AFP - Iraqi lawmakers will vote Tuesday on a list of cabinet ministers submitted by the premier, the parliament speaker said, potentially breaking a nine-month deadlock over power sharing.
"Parliament received the programme and the names. There will be a session after 2:00 pm (1100 GMT) tomorrow for voting on the new ministers," house speaker Osama al-Nujaifi told a news conference on Monday.
"Our desire is to build a strong government capable of solving the crisis of the country, and we will be proud of that," he said.
"I am here to thank the political parties who gave me their candidates' names," Prime Minister Nuri al-Malki told reporters, adding he had given "the names of the candidates for the ministries to the speaker of the parliament."

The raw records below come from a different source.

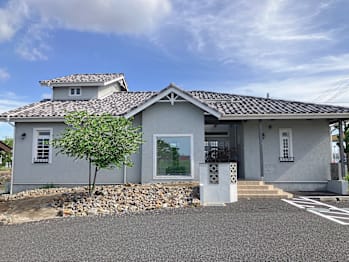 TJ天気予報 9t 大府店【ティジェイテンキヨホウ キュウトン オオブテン】(愛知県大府市／美容室)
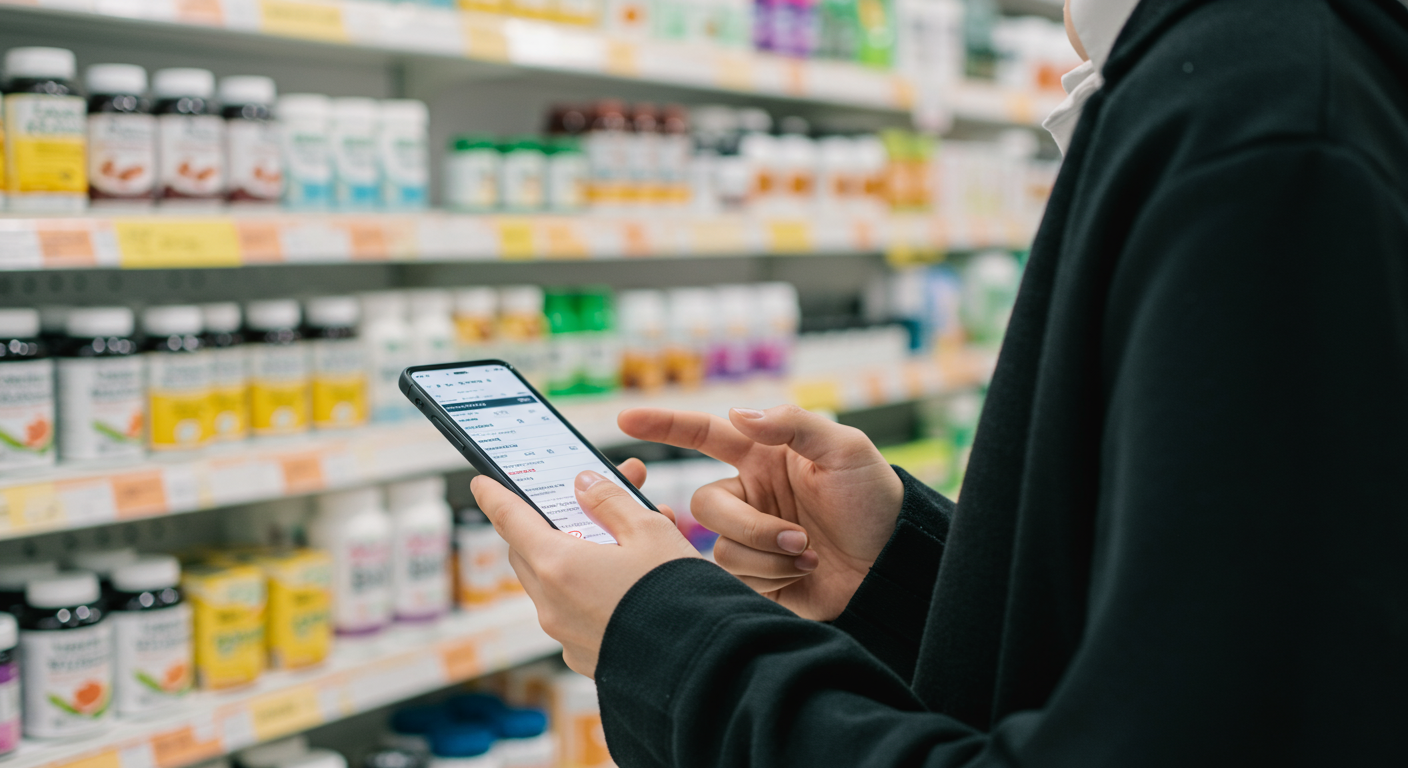 구매 전 필수 확인! 가격과 안전성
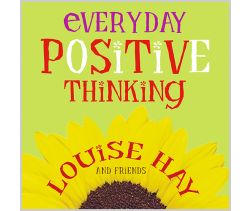 Everyday Positive Thinking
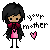 :iconxarianne:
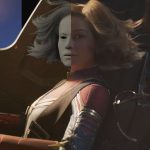 CaptainMarvel_Trixter_VFX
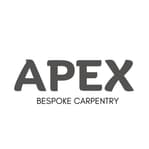 Apex Bespoke Carpentry Ltd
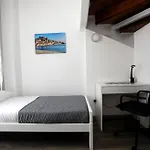 D R Appartamento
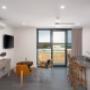 huskisson accommodation apartments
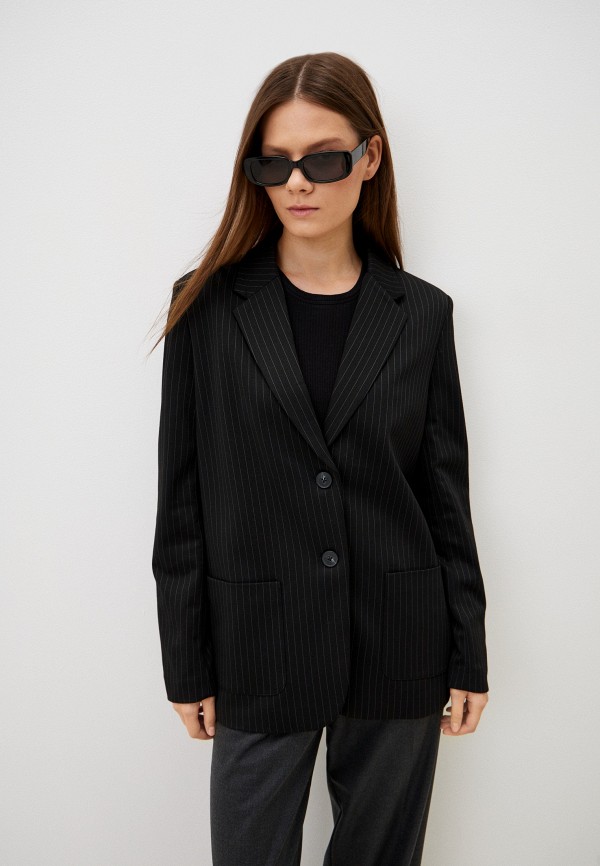 Жакет OSTIN 1999₽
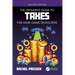 The Definitive Guide to Taxes for Indie Game Developers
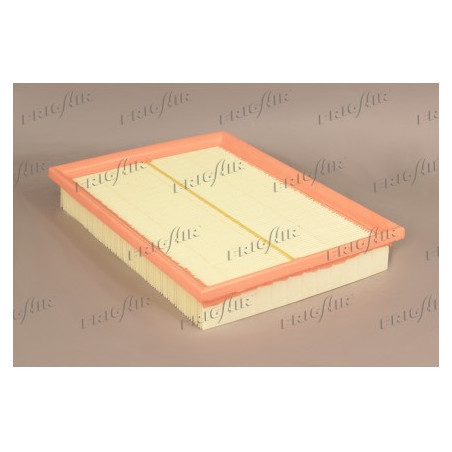 Filtre à air FRIGAIR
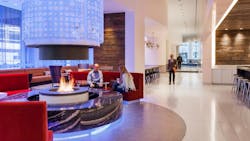 Capella Tower Lobby 22 1024x576 Capella Tower Lobby 22 1024x576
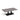Encro Coffee Table - Rectangular - Huddlespace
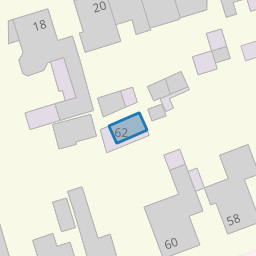 Perceel OTW01-E-5621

"The process of distributing the ministries was difficult, and forming a national unity government is a difficult job, because you have to find a place for each winner," Maliki said.
"Tomorrow, the names will be announced, and some names need to be studied," he said.
According to a parliamentary source, Maliki has only submitted names for 29 cabinet posts, or roughly 70 percent of the total.
Earlier in the day, politicians had said that as many as half of the ministerial positions were still undecided as party chiefs squabbled over allocations.
"The problem is that many political blocs are all asking for the same post at the same time. Because of this, there is still no agreement," Khaled al-Assadi, an MP in Maliki's coalition who is seen as close to the premier, said Monday morning.
"The three security ministries will not be presented today, and they may not present the deputy prime ministers either," Assadi said.
The political impasse has existed since elections in March, with a deadline looming on Saturday for a new government to be in place.
According to the Iraqi constitution, parliament must approve the names of the ministers as well as the government's programme.
Mahmud Othman, an independent Kurdish MP, said Monday that the pan-Kurdish alliance, which holds around 50 seats in the 325-member parliament, had not yet decided on who its ministers would be.
And he said the Kurdish bloc, key to the formation of the cabinet, would not take part in the government if Maliki did not approve deals the autonomous Kurdish region signed with oil companies without Baghdad's initial approval.
The contracts were signed in 2004 but the central government in Baghdad has refused to recognise them, primarily because they are based on profit-sharing rather than the per-barrel service fees it prefers.
Politicians had at the weekend said any cabinet proposed on Monday would not include the naming of new ministers of interior, defence and national security, meaning Maliki would take interim control of Iraq's security forces.
That is despite past criticism that the premier has steadily tightened his grip on power by grouping increasing responsibilities under the office of the prime minister.
Including Maliki's own position and that of his three expected deputy prime ministers, the cabinet will number 42, slightly larger than the previous one.
Maliki's State of Law coalition won 89 seats in the elections, two fewer than the Iraqiya bloc of ex-premier Iyad Allawi. But neither won enough for a parliamentary majority, resulting in an impasse that is still being resolved.
A power-sharing deal last month finally broke the deadlock, with Maliki being named prime minister-designate on November 25 and given 30 days to name his government.
According to Assadi, the National Alliance, a Maliki-led pan-Shiite coalition, will control 17 ministries, while Iraqiya will hold nine. The Kurdish bloc will retain seven, with the rest divided among smaller groupings.